### WHAT THE TASK REQUIRES:
Verbatim transcription with images omitted: return the entries below in full.

[Caption-style text data]
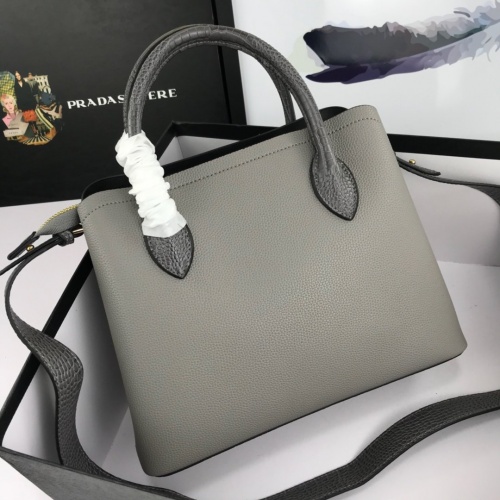 Replica Prada AAA Quality Handbags For Women #868647 $100.00 USD for Wholesale
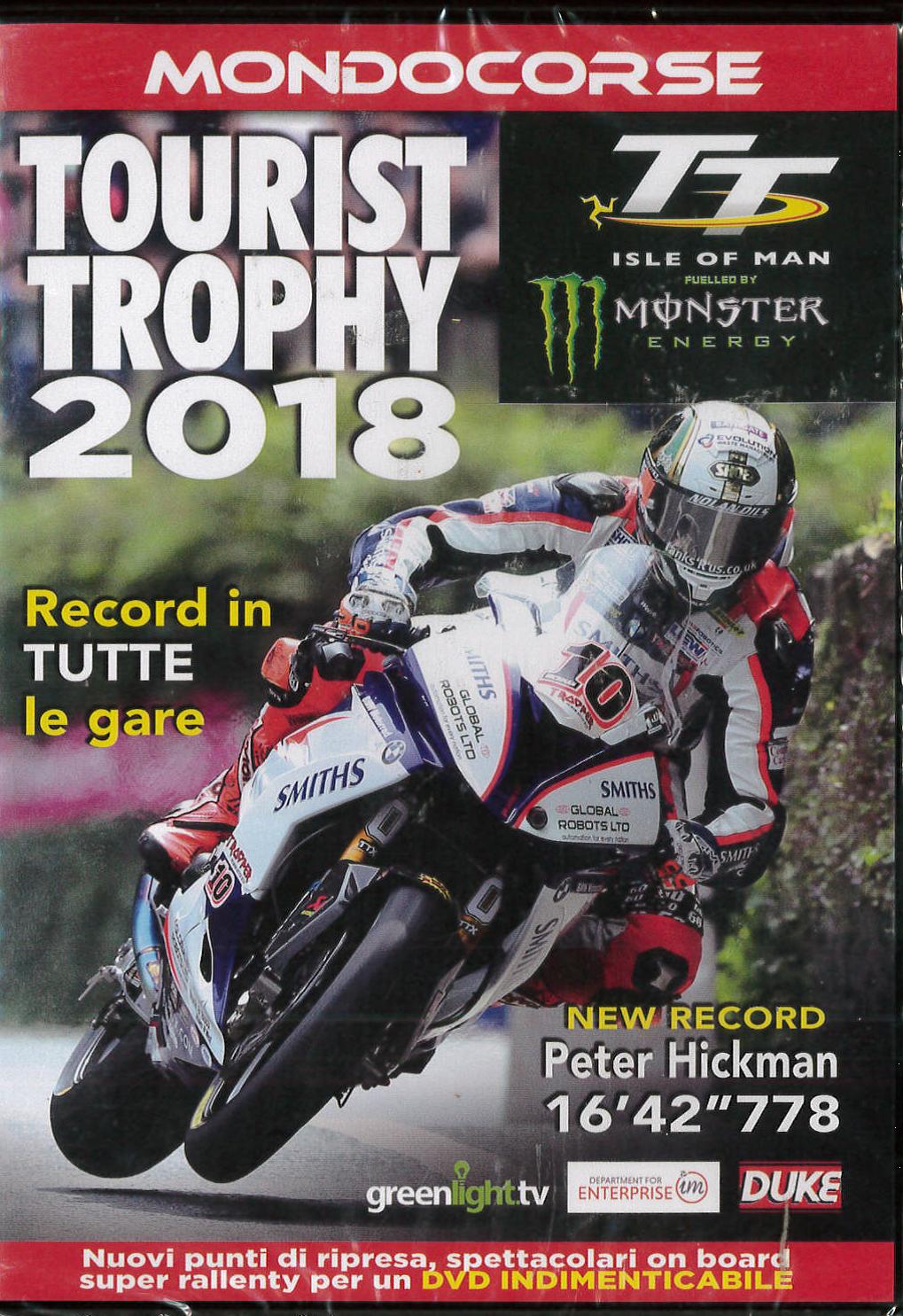 Tourist Trophy 2018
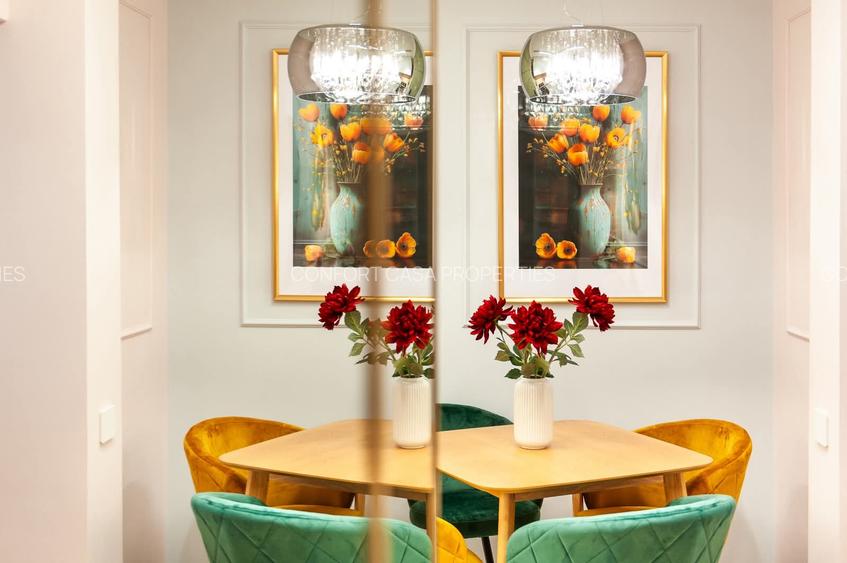 Drumul Taberei -  Apartament 3 camere - mobilat utilat modern - Nou - 5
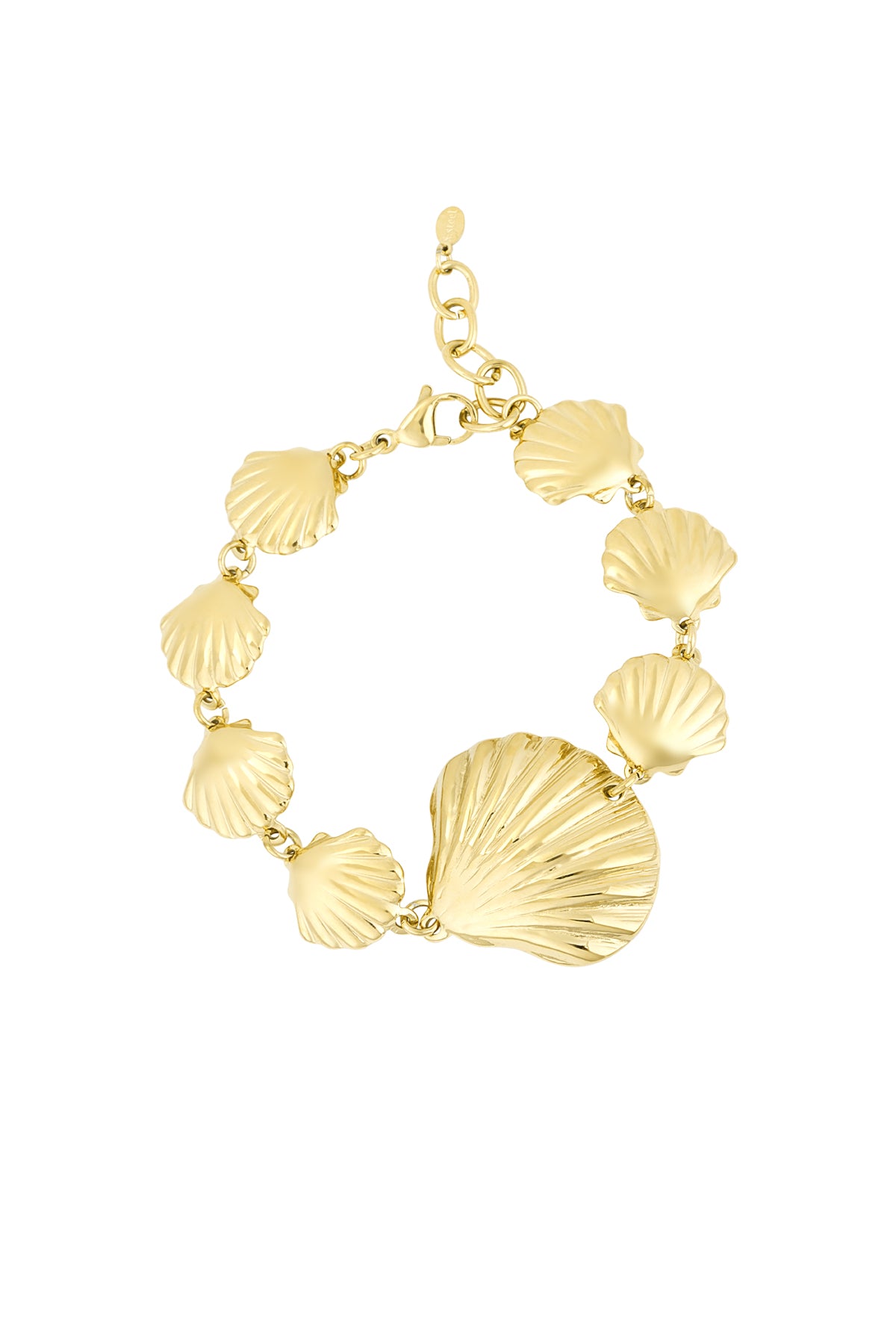 bracciale amante conchiglia
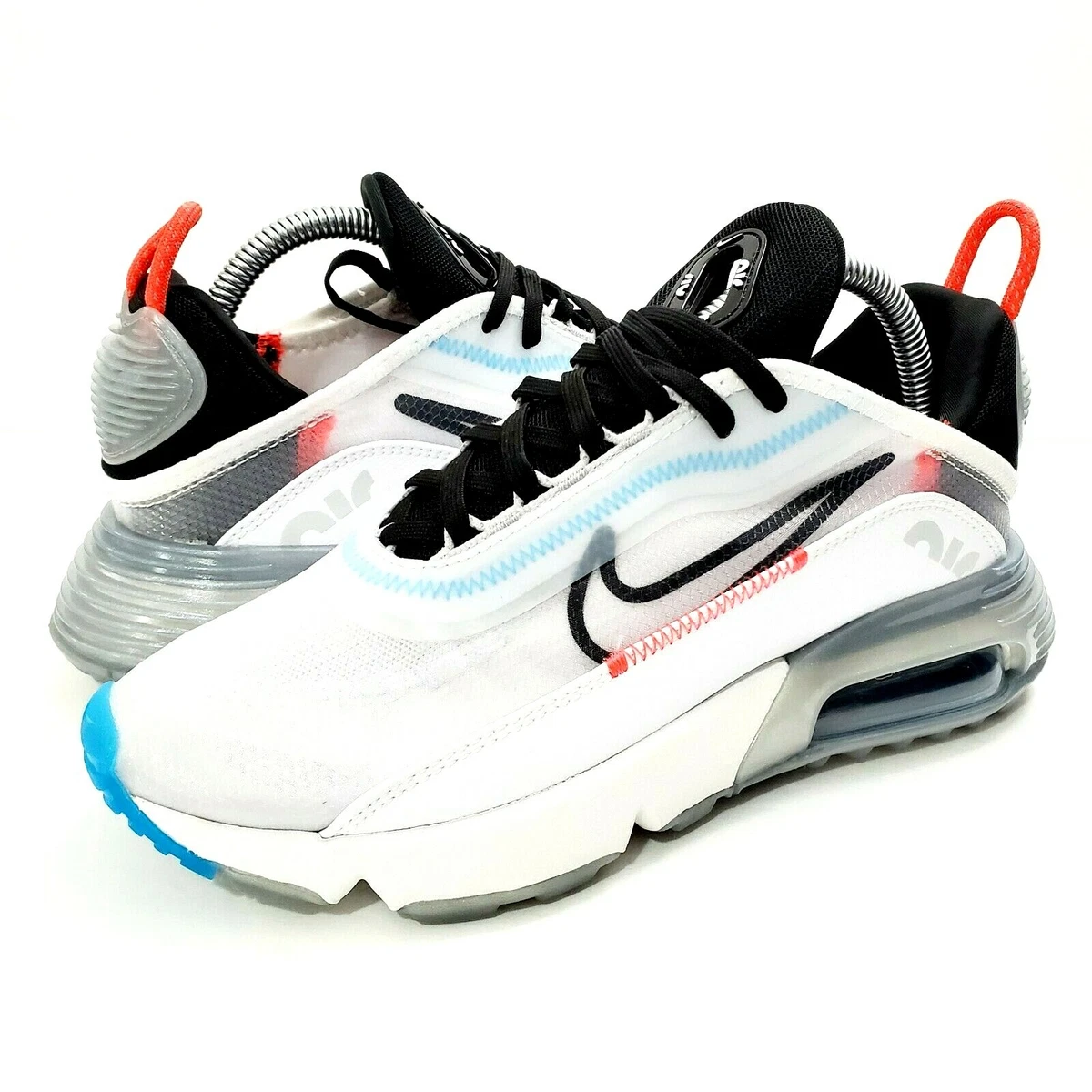 Air max 2090 top pure platinum womens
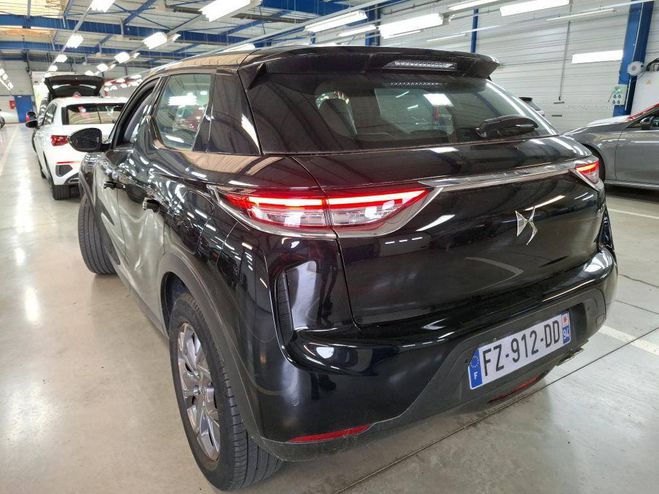 Citroen DS 3 CROSSBACK PureTech 130ch Business Auto NOIR de 2021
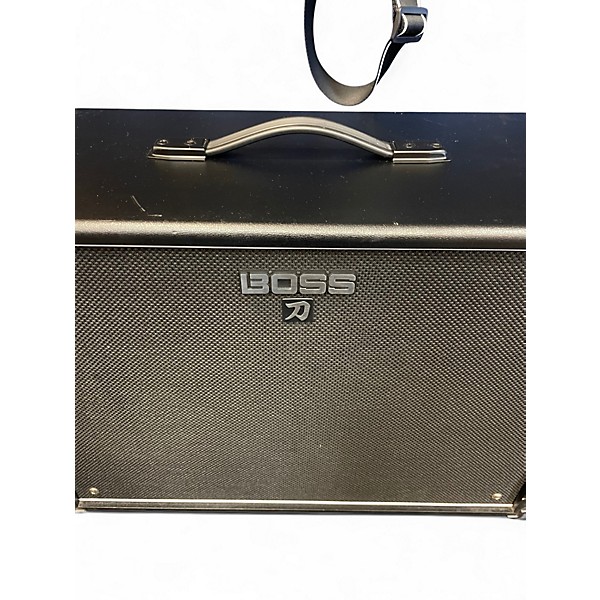 Used BOSS Katana Cab 212 150W 2X12 Guitar Cabinet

### RESULT OF THIS TASK:
 Replica Prada AAA Quality Handbags For Women #868647 $100.00 USD for Wholesale
 Tourist Trophy 2018
 Drumul Taberei -  Apartament 3 camere - mobilat utilat modern - Nou - 5
 bracciale amante conchiglia
 Air max 2090 top pure platinum womens
 Citroen DS 3 CROSSBACK PureTech 130ch Business Auto NOIR de 2021
 Used BOSS Katana Cab 212 150W 2X12 Guitar Cabinet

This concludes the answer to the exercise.